I agree that the pyramid has been misused. A number of years ago, I had a company auditor tell me that we were missing at least one serious incident based on the number of lower risk events.
It reminded me of a term from nuclear power school; gross conceptual error (GCE)!
I’m speculating of course, but perhaps your auditor was trying to indicate that your facility was overdue for a serious incident (statistically speaking that is). Much akin to how the pacific northwest is overdue for a major earthquake.
“Heinrich Pyramid” I have used for the past 25 years in my safety career. My mentor had me focus on the 600, because that represent “Near Misses”. they taught if I prevent the “Near Miss” the the Heinrich Ratio would not stand. So I always looking for the near miss or the opportunity for the near miss. I also look at the safety filters I have in place and if I need to replace the filter, a system or a process, to catch the near miss before it becomes a 300, 29, or 1.
“Constantly rediscover your safety systems and process so your filters won’t fail you”!
I have used the Heinrich Pyramid for 25 years as tool to educate management, supervisors, and employees of the theory of accident prevention and not as the silver bullet that will solve all of the safety issues at the firm. In supporting the Pyramid, I develop a safe system of operations around 8 elements: 1)Management engagement & accountability, 2) employee participation, 3) Safe operating practices, 4) H&S training, 5) Risk Management, 6) Incident Report, Investigation, & Root Cause Analysis, 7) Injury & Illness management, and lastly 8) Audits and Compliance.
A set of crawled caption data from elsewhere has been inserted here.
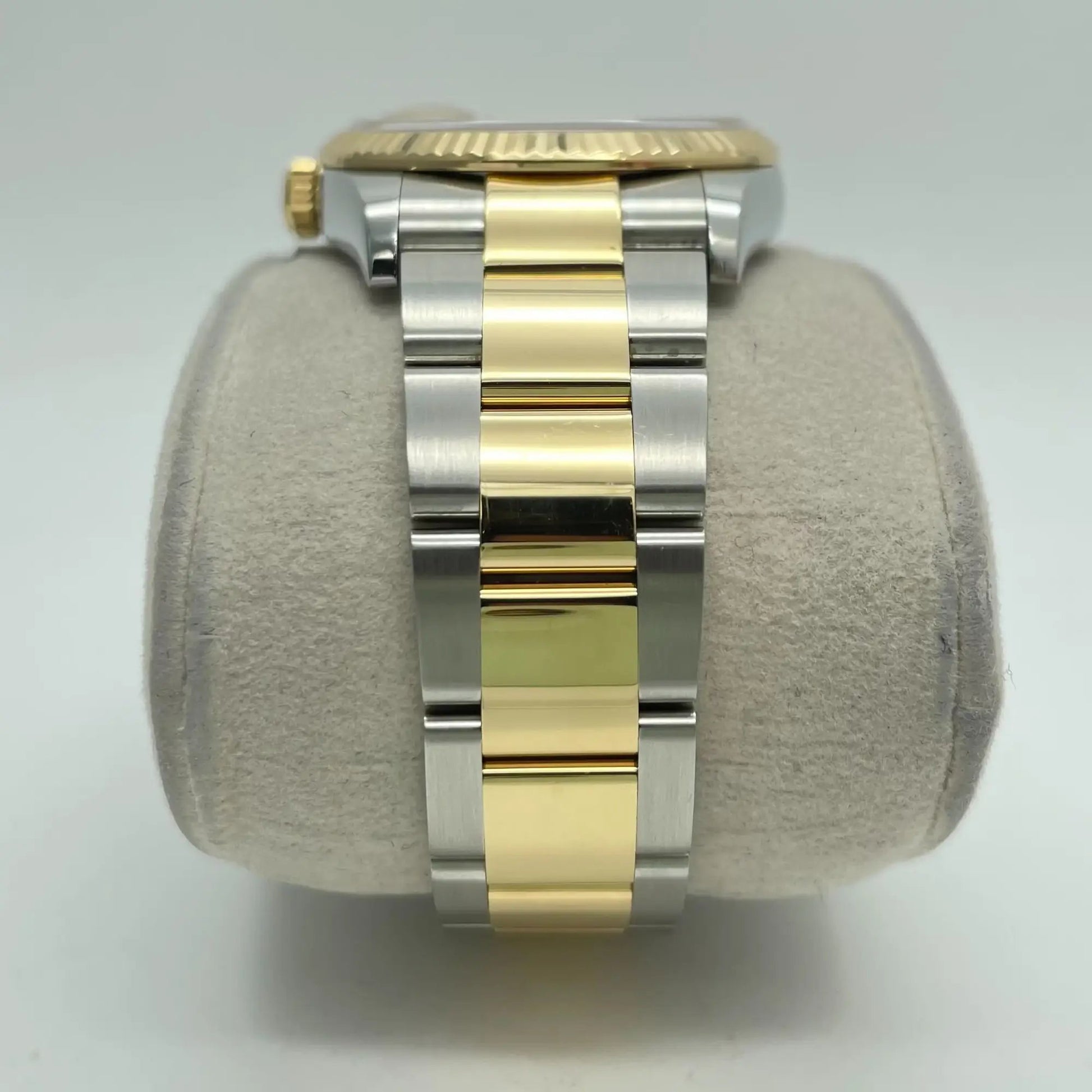 9th image of Rolex  Rolex Datejust 126233 Wristwatch, PreOwned condition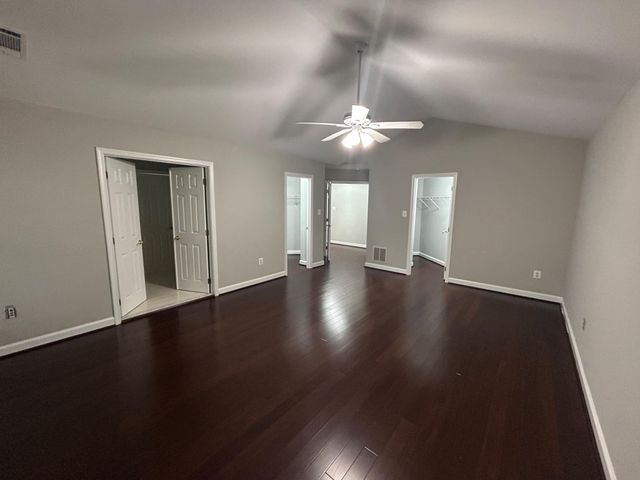 46797 BACKWATER DR, Sterling, VA 20164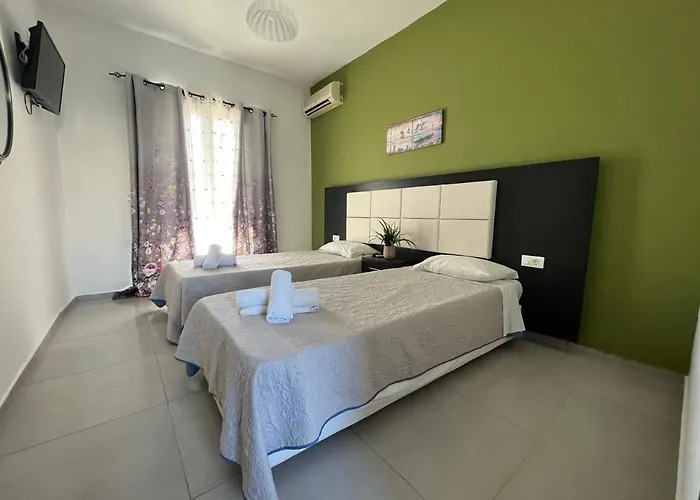 Antonis Deluxe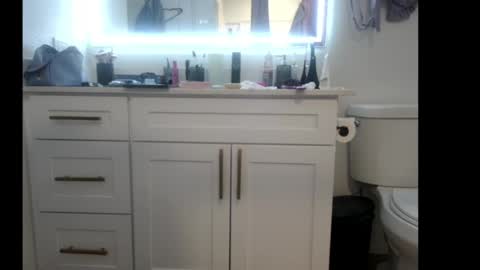 Queen Lola XXX online show from 04/18/26, 04:27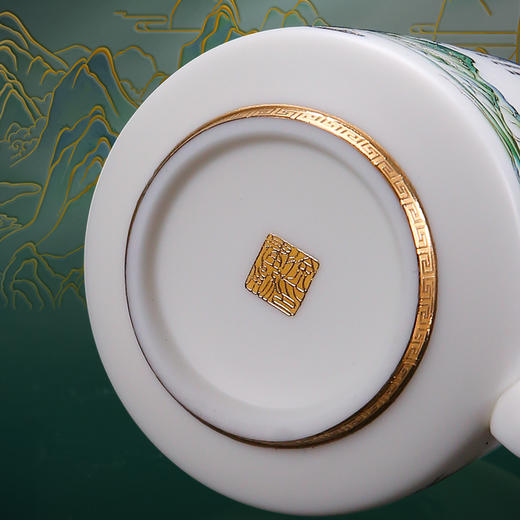 【升级款】羊脂玉瓷夔龙纹江山杯，徐建勇老师签章，瓷质温润如玉 迎光透亮，浮雕堆金工艺 触感立体，珍藏品鉴 送礼臻品 商品图5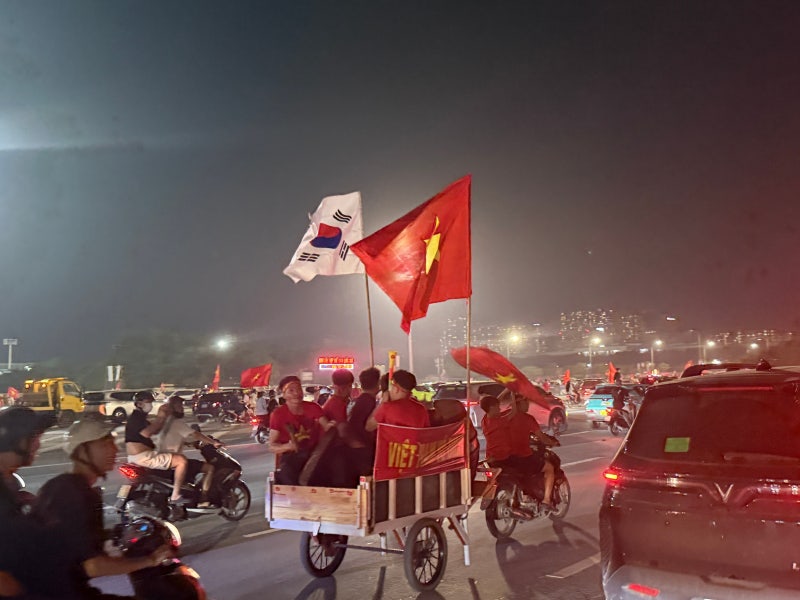 <b>김상식</b>, 동남아 축구 2연패... <b>베트남</b>에 태극기 물결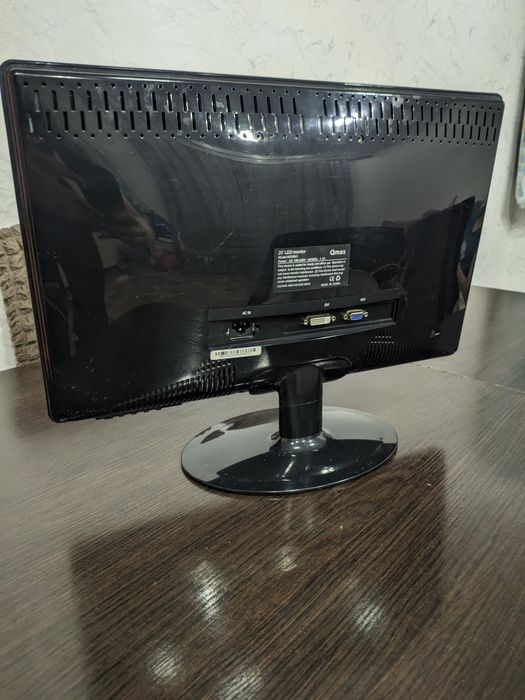 Монитор Qmax M2089C, 20 дюймов.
I have found that operational leaders that align with this model, 99% of the time, improved safety performance and lead to a reduction of incidents. The 1% that don’t align or pick and choose what elements they think are important, or don’t believe in the model at all. Tend to continue having incident and accidents including serious life changing events. All in all, I had consulted with one company that paid their senior leaders based on not having first aids and recordables! Guess what! we found under reporting, miss-classification of injuries and downright hiding of incidents in order for them to get their money while forgetting the pain and suffering of the employees. when presented with the data and facts we encountered, they chose to look the other way and we ended our relationship with the business. Sad but there are many firms that operate in that model. The simple message is called Duty of Care but that is for another of discussion.
While this is a good discussion, it does leave me wondering, Mark – are you saying we should accept less significant injuries and not put effort into preventing them? How do you determine what is “not worth investigating?” I don’t believe that is what you mean, but it would be good to get some clarity around that. I believe our goal should be zero injuries, but it is a balance weighing the cost and effort against the risk.
You have to decide what is worth the effort to investigate.
Everyone has resource limitations and certainly they should not get in the way of preventing fatalities. But what about paper cuts? How much effort should be put into preventing them?
Somewhere in between paper cuts and fatalities is the right effort that your company can afford to spend on improvement. The worst aren’t even preventing fatalities. The best tend to err toward fixing smaller stuff but don’t waste time on the trivial.